Pictures taken at our camp site, White Rock CG. We would call it Chocolate Swirl CG.
This has been on my bucket list for years. The first time I tried it, I could not even find the trail from the road through the Tamarisks. This time I was able to find the faint trail, mostly used by cows. After crossing the shallow Paria River and entering the drainage canyon, I found the trail. Can you see it? Steep and filled with scree. It was the challenging climbs I have attempted. Huffing and puffing, I thought twice about blowing it off. After resting for awhile and looking up, I was twice enticed to continue and twice fooled by false tops.
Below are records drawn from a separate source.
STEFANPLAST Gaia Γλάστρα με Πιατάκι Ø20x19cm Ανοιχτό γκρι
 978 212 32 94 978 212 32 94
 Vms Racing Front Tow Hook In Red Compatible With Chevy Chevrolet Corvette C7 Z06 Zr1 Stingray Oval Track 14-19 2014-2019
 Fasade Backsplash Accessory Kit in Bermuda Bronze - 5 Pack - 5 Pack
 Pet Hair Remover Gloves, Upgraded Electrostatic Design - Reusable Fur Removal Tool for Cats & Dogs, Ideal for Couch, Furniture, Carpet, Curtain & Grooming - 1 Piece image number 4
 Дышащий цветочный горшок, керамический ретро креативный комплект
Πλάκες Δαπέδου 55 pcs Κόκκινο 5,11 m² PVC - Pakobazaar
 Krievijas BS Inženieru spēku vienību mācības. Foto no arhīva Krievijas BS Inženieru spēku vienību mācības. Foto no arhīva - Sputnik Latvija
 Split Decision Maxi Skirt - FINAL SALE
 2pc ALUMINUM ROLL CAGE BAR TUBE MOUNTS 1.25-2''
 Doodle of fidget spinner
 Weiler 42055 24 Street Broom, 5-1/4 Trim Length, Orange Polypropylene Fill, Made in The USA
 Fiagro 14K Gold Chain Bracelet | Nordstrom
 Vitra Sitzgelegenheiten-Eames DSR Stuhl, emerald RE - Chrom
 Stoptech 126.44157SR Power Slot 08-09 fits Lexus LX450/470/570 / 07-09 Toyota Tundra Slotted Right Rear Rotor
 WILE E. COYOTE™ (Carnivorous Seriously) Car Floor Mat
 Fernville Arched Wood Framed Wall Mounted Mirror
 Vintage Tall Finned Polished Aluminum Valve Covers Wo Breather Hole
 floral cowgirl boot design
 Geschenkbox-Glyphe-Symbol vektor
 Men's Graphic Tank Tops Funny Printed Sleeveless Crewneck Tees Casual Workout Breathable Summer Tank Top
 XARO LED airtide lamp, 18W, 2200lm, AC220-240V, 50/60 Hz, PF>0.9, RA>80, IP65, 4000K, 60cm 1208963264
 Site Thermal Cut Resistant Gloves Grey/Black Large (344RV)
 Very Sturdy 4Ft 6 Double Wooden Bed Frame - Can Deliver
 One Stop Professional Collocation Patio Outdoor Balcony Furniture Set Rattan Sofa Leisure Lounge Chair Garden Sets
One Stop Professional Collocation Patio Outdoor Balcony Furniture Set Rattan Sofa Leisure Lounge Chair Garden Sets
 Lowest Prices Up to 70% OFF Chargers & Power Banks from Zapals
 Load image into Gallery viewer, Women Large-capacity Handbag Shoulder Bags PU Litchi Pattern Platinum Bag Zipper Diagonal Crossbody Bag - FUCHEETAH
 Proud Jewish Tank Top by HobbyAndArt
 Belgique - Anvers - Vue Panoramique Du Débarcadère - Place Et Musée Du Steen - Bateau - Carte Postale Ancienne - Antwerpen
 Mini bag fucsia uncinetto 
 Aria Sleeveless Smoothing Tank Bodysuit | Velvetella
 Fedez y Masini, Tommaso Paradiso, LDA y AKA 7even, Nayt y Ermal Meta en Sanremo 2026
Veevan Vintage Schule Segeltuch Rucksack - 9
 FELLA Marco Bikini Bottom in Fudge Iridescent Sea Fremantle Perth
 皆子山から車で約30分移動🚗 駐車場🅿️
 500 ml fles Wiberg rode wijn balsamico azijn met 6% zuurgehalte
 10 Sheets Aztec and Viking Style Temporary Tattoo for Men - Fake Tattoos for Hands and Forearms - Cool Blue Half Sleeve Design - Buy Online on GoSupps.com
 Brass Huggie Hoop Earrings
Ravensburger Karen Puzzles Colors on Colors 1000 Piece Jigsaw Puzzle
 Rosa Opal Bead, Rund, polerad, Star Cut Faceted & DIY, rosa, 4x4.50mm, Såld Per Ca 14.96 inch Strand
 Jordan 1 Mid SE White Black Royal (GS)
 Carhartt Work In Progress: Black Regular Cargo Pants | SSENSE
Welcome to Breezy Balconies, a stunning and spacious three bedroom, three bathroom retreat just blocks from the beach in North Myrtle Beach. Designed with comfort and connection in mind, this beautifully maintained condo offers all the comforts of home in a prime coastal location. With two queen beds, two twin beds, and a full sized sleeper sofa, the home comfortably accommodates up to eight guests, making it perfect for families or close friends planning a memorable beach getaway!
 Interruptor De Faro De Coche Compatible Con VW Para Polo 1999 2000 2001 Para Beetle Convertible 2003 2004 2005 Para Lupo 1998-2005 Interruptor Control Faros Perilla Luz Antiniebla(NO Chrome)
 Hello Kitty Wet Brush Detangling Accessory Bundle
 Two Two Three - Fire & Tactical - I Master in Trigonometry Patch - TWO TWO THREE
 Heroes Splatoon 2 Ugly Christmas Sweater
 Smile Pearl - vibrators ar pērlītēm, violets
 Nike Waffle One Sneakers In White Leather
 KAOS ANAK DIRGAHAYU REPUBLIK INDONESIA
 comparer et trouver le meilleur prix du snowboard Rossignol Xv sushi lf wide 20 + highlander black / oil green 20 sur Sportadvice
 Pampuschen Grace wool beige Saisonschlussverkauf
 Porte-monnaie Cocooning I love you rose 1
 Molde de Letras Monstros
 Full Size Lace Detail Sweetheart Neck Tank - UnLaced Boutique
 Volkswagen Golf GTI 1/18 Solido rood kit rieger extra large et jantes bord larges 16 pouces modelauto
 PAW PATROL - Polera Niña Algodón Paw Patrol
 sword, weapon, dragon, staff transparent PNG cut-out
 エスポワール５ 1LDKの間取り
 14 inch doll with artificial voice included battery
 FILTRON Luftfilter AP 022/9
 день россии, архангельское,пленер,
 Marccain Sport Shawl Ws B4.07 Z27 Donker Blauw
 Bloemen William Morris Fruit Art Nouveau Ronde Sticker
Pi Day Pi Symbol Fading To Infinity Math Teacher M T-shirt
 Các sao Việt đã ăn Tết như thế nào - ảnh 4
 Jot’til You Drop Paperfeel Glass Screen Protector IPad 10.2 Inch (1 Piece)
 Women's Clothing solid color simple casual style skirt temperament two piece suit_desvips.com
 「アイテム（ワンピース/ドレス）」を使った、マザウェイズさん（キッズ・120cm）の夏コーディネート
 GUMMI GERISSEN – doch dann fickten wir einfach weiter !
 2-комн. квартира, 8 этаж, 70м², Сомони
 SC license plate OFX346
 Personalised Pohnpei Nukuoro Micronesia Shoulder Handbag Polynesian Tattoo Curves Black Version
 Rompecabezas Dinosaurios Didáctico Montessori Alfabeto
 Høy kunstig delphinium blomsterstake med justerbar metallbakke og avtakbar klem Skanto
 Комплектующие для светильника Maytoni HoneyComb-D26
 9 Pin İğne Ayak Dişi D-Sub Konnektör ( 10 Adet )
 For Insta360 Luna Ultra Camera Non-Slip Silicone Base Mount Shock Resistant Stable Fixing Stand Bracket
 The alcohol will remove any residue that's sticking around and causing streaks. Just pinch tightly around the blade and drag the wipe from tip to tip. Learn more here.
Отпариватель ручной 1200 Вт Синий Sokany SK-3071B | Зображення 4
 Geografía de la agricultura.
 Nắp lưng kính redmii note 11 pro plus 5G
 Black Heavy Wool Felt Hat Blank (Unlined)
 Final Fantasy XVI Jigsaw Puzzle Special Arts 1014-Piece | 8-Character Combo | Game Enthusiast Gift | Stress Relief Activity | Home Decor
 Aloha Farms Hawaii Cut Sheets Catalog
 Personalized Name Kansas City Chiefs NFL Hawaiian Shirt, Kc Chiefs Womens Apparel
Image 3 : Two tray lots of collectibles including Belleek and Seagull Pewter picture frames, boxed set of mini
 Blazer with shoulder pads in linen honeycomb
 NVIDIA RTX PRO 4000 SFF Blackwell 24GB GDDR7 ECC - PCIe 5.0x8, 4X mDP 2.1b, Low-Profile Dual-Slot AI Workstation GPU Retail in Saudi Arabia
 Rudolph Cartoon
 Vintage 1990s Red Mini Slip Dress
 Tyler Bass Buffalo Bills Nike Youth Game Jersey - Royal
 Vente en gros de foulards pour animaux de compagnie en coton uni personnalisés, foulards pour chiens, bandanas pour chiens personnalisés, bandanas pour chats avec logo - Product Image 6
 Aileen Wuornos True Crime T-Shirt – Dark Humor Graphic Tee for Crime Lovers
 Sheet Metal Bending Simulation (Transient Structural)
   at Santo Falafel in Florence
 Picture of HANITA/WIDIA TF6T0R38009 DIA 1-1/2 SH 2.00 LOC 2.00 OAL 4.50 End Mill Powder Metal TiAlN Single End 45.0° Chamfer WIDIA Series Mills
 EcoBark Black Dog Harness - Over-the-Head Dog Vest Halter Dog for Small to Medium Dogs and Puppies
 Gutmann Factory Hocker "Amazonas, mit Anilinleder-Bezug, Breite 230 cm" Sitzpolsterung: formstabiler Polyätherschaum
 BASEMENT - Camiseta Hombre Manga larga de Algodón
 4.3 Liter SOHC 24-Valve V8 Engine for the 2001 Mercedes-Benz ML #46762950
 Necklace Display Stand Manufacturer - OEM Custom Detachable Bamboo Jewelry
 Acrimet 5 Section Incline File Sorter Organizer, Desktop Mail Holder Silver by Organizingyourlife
Somehow, I made it and this was the view. I would have liked to hiked over to it and walked around on it. But I was totally baked. So I contented myself shooting hand held with 600mm digital telephoto.
After the sights we have seen in the last month, we are now jaded. Nothing else, in the US, compares to Valley of Fire or the pockets of wonder found in and around Vermillion Cliffs. This is nirvana for us. Several years ago, I bought two books on photographing the south west. They have pointed us in directions we would have never known about. He provides details on the best time of day for photography and detailed access information. The day we were leaving Vermillion Cliffs I thought to look at them. Discovered I had left plenty on the table. I hope to live another year so can return and at least try to get some of the shots he did.
When you drive east from Page, AZ you enter Indian Country. Most of AZ, NM and southern UT is Indian Country. We elected to take this route to Moab simply to stay in the boonies. On a whim, we decided to see what the Navajo Monument was all about. Well, it’s like Mesa Verde, without all the people. The only person in the VC was a Indian woman running the book store. She was most forthcoming in answering our questions about Indian culture. The campground is delightful. We were the only ones here all afternoon. After 6, two tenters showed up. And it’s free.
The more remote Keet Seel site is accessed from here in the warmer months. It’s supposed to be the best preserved site in the SW. We will not be seeing it as it is a 17 mile hike.
You decide from the pictures, if it’s worth your time.